Thursday, February 22, 2007

The Chair of St. Peter, February 22, 2007

St. Josemaria Escriva wrote: “Our greatest love, our greatest esteem, our deepest veneration, our most rendered obedience, our greatest affection must always be for the Vice-God on earth, for the Pope. Think always that after God and our Mother the Most Holy Virgin, in the hierarchy of love and of authority, comes the Pope. Therefore many times I say: thank you, my God, for the love for the Pope that you have placed in my heart.”

Lumen Gentium #25 reads: “This loyal submission of the will and intellect must be given, in a special way, to the authentic teaching authority of the Roman Pontiff, even when he does not speak ex cathedra in such wise, indeed, that his supreme authority be acknowledged with respect, and that one sincerely adhere to decisions made by him, conformably with his manifest mind and intention, which is made known principally either by the character of the documents in question, or by the frequency with which a certain doctrine is proposed, or by the manner in which the doctrine is formulated.”

It goes on: “The Roman Pontiff, head of the college of bishops, enjoys this infallibility in virtue of his office, when, as supreme pastor and teacher of all the faithful – who confirms his brethren in the faith (Lk. 22, 32) – he proclaims in an absolute decision a doctrine pertaining to faith or morals. For that reason his definitions are rightly said to be irreformable by their very nature and not by reason of the assent of the Church, is as much as they were made with the assistance of the Holy Spirit promised to him in the person of blessed Peter himself; and as a consequence they are in no way in need of the approval of others, and do not admit of appeal to any other tribunal. For in such a case the Roman Pontiff does not utter a pronouncement as a private person, but rather does he expound and defend the teaching of the Catholic faith as the supreme teacher of the universal Church, in whom the Church’s charism of infallibility is present in a singular way.”

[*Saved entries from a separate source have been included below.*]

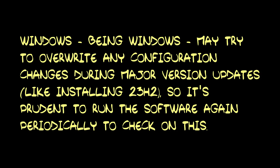I find that Windows will sometimes override these settings after major upgrades, so you should probably run the program again periodically to check if the settings need to be reapplied. The software will tell you if changes have been reverted since it was last used.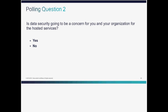Before we do the demo, I'm going to ask a polling question: is data security going to be a concern for you and your organization for hosted services? It's a yes or no question. While you're filling in the polling question, I'm going to prepare my demo and make sure my application is ready, and then I'm going to show you the solution in motion.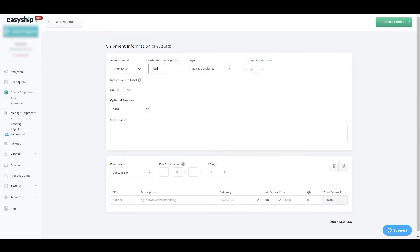To keep the shipment safe, we'll purchase insurance in case of loss or damage. You may also notice an option to include a return label. The great thing about this feature is you'll only be charged if it gets used. At the moment this feature is only available for domestic US shipments.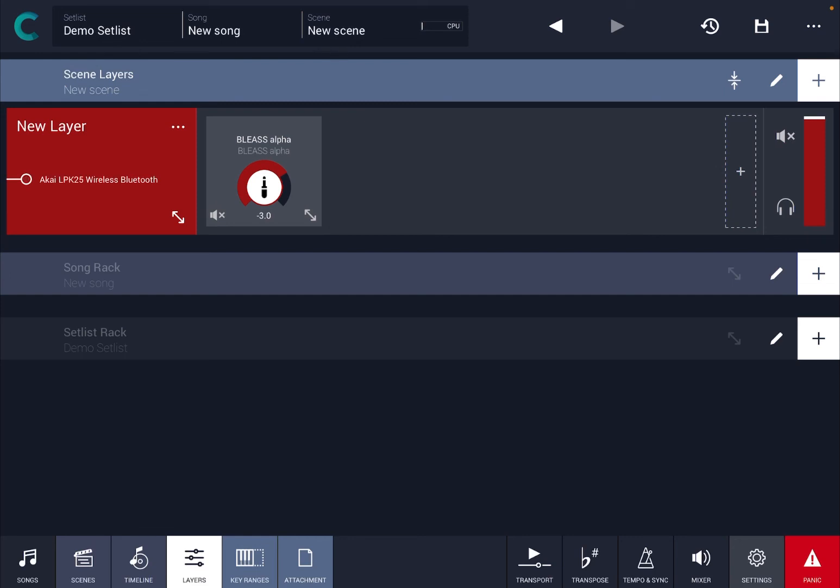So as you can see, it was really straightforward to connect a MIDI controller. I hope you enjoyed this quick tutorial. See you in the next one. Bye!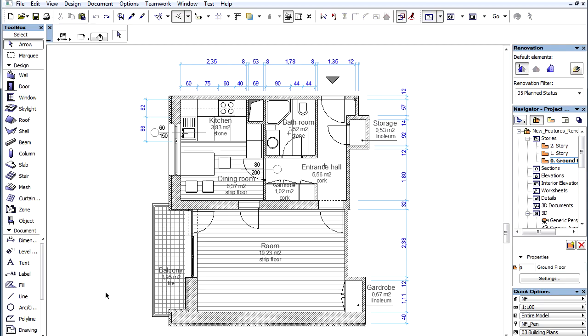In this movie we will demonstrate how we can set elements to be visible only on a particular Renovation Filter. For this we define the selected elements as specific to the current Renovation Filter. These elements are visible only on that single Renovation Filter and will not exist in any other filters.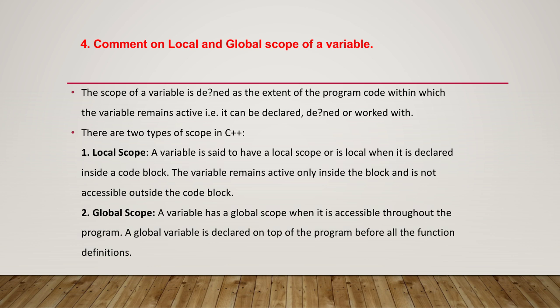a code block. The variable remains active only inside the block and is not accessible outside the code block. A variable has a global scope when it is accessible throughout the program. A global variable is declared on top of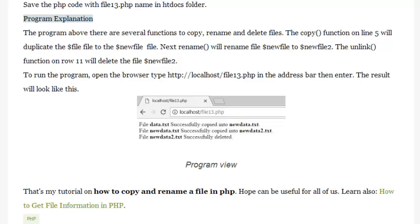The result will look like this program view. That's my tutorial on how to copy and rename a file in PHP. Hope it can be useful for all of us. Learn also how to get file information in PHP.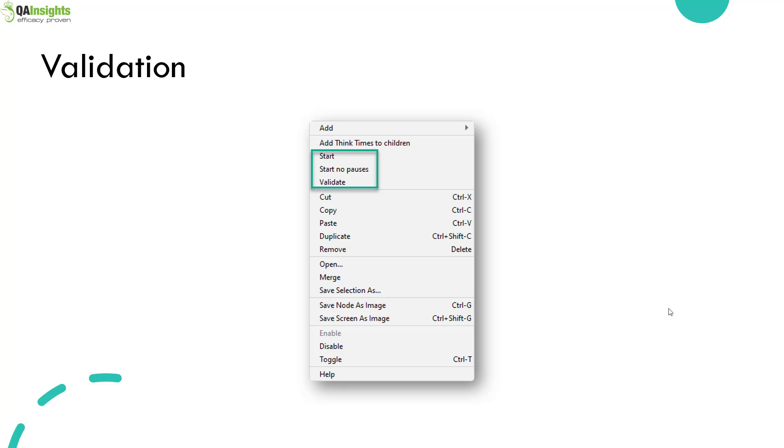Then after your configuration, you have to validate your test plan. Validation means you will be able to test your test plan whether it is working fine for multiple sets of data. By default, you will be able to validate your test plan by running one thread.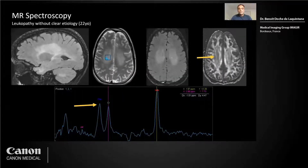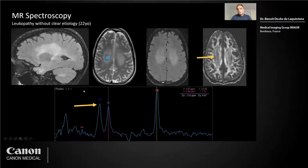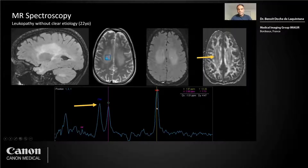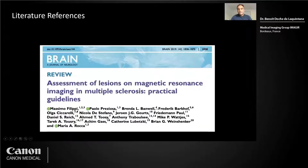For the DMC differential, you can also use advanced techniques. Here is a leukopathy without clear etiology in a 22-year-old, and the spectroscopy just shows what we could expect — a small choline peak and a low NAA — but nothing special to differentiate between clear diseases. Another article I recommend from Brain is very good to understand what is clearly MS and what is not.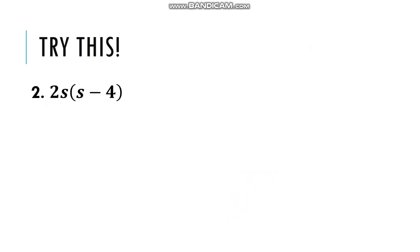Try this: 2s times s minus 4. You can pause this video for a while and try to solve this in your notebook. Okay, let's check your work.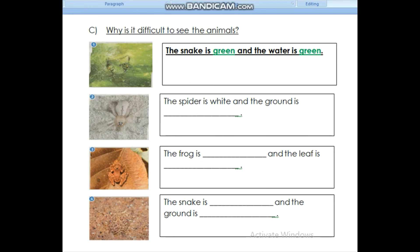Look at section C. Why is it difficult to see the animals? For example, number 1, the snake is green and the water is green. Please complete your worksheets.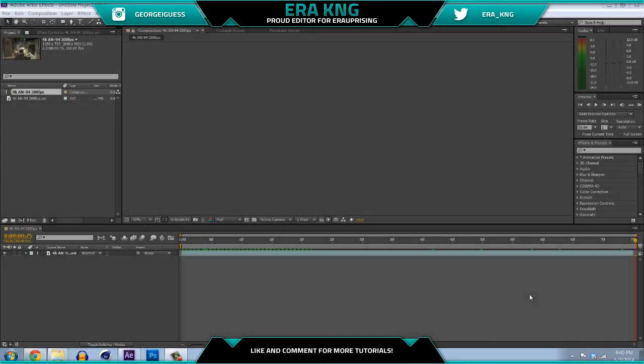Hey guys, it's Eric King here. I decided to start doing tutorials based on a couple of requests I've been getting. I'll try to upload these as much as possible, but I probably won't be able to in the next few weeks because I have AP exams coming up. By the time summer vacation comes along, I should be getting these out pretty much every week or every couple of days, depending on suggestions — just comment below what else you want to see.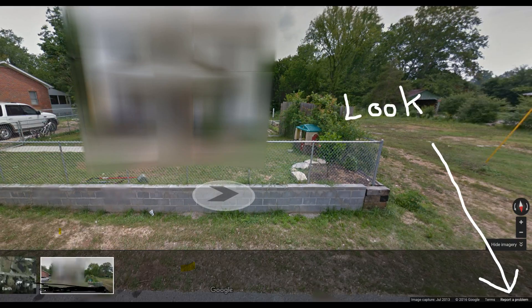Go to Google Maps and type in your address. Locate your building — at the very bottom right, where that arrow is, it's going to say 'Report a Problem.' This is what you're going to click. It's tiny, tiny writing, so look carefully. Click 'Report a Problem' once you're looking at your house after you type your address into Google Maps.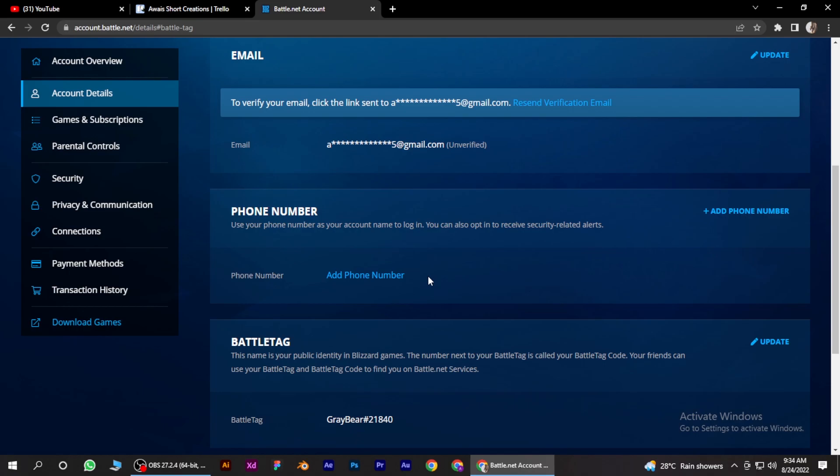Then you can change your phone number. I hope this video will help you out. This is how to change phone number on Battle.net.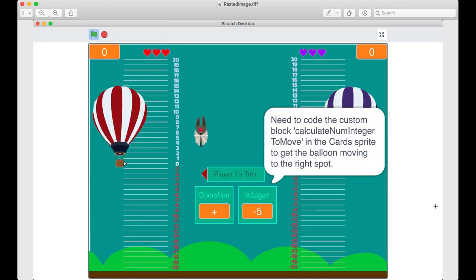I've got a screenshot of the part in the game where we've got a callout that tells us what we need to do. It says we need to code the custom block 'calculate num integer to move' in the cards sprite to get the balloon moving to the right spot. So I'll go back to the Scratch project and find the cards sprite and the custom block 'num integer to move'.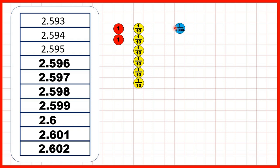Then we keep on counting in thousandths, so we need to make sure that we have this zero in our hundredths. And in the end, we got to 2.602, so two wholes, six tenths, no hundredths, and two thousandths.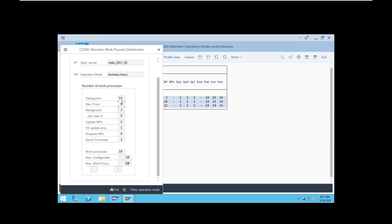There is also a job class A setting for background work processes. In background jobs we have class A, class B, and class C jobs. If you reserve one work process here for class A jobs, it does not add to the 19 — it takes the value from your background work processes. If there are two background work processes and you reserve one, only one background work process will serve B and C category jobs and one is reserved for class A. It is not counted in the max work process number.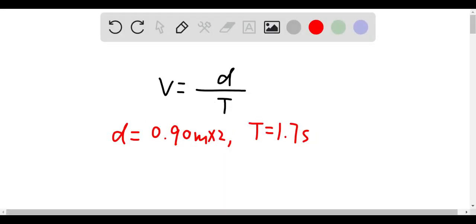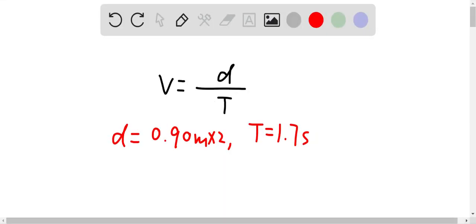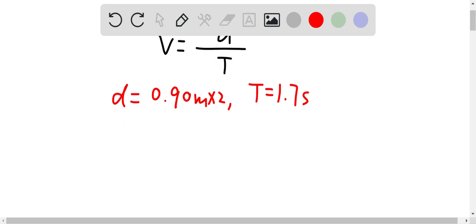So the speed should be equal to distance divided by time. And distance is equal to 0.90 meter times 2, since each step is 0.90 meter long. And usually, it takes you about two steps in each period. And we know the period is given as 1.7 seconds.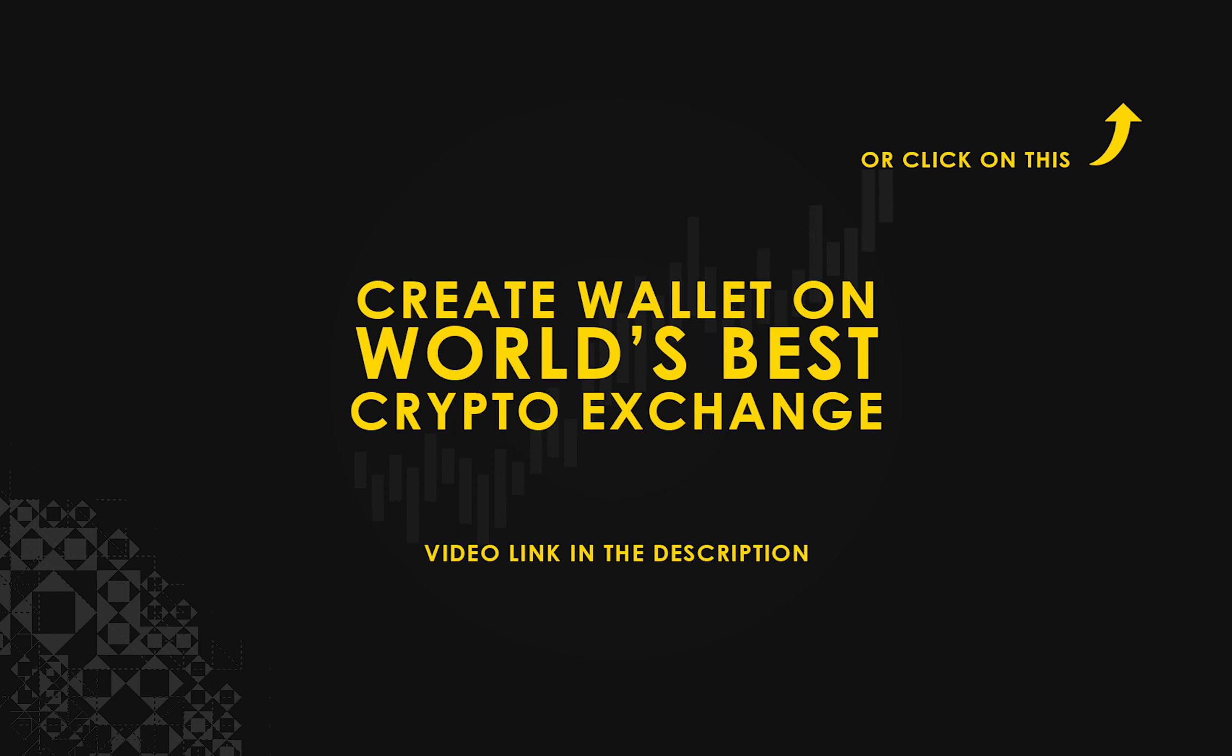If you don't have a wallet, check the video link in the description for creating wallet on world's best crypto exchange.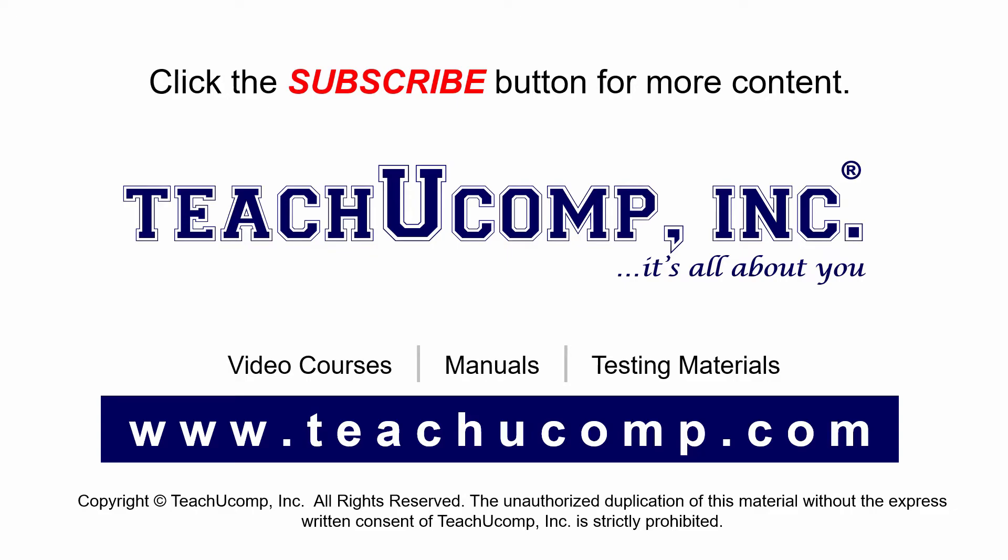If you like our video, click the subscribe button to subscribe to our channel and get easy access to new content. To see our full suite of ad-free video courses and training materials, visit us at teachucomp.com.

Toast First to Conscience, Then to the Pope


Benedict, at a bishops workshop in Dallas, Texas, said in February 1991: “I would simply like to try to indicate the place of conscience in the whole of Newman’s life and thought… When the subject of Newman and conscience is raised, the famous sentence from his letter to the Duke of Nor fold immediately comes to mind: `Certainly, If I am obliged to bring religion into afterdinner toasts, (which indeed does not seem quite the thing), I shall drink – to the Pope, if you please, - still, to conscience first, and to the Pope afterwards.”[1]

Benedict then clarified the ontological source of conscience, of the values of good and evil that are not principles but the consciousness of the experience of the ontological tendency of the being of man as imaging the triune God: “This means that the first so-called ontological level of the phenomenon conscience consists in the fact that something like an original memory of the good and true (both are identical) has been implanted in us, that there is an inner ontological tendency within man, who is created in the likeness of God, toward the divine. From its origin, man’s being resonates with some things and clashes with others. This anamnesis of the origin, which results from the godlike constitution of our being is not a conceptually articulated knowing, a store of retrievable contents. It is so to speak an inner sense, a capacity to recall, so that the one whom it addresses, if he is not turned in on himself, hears its echo from within. He sees: That’s it! That is what my nature points to and seeks…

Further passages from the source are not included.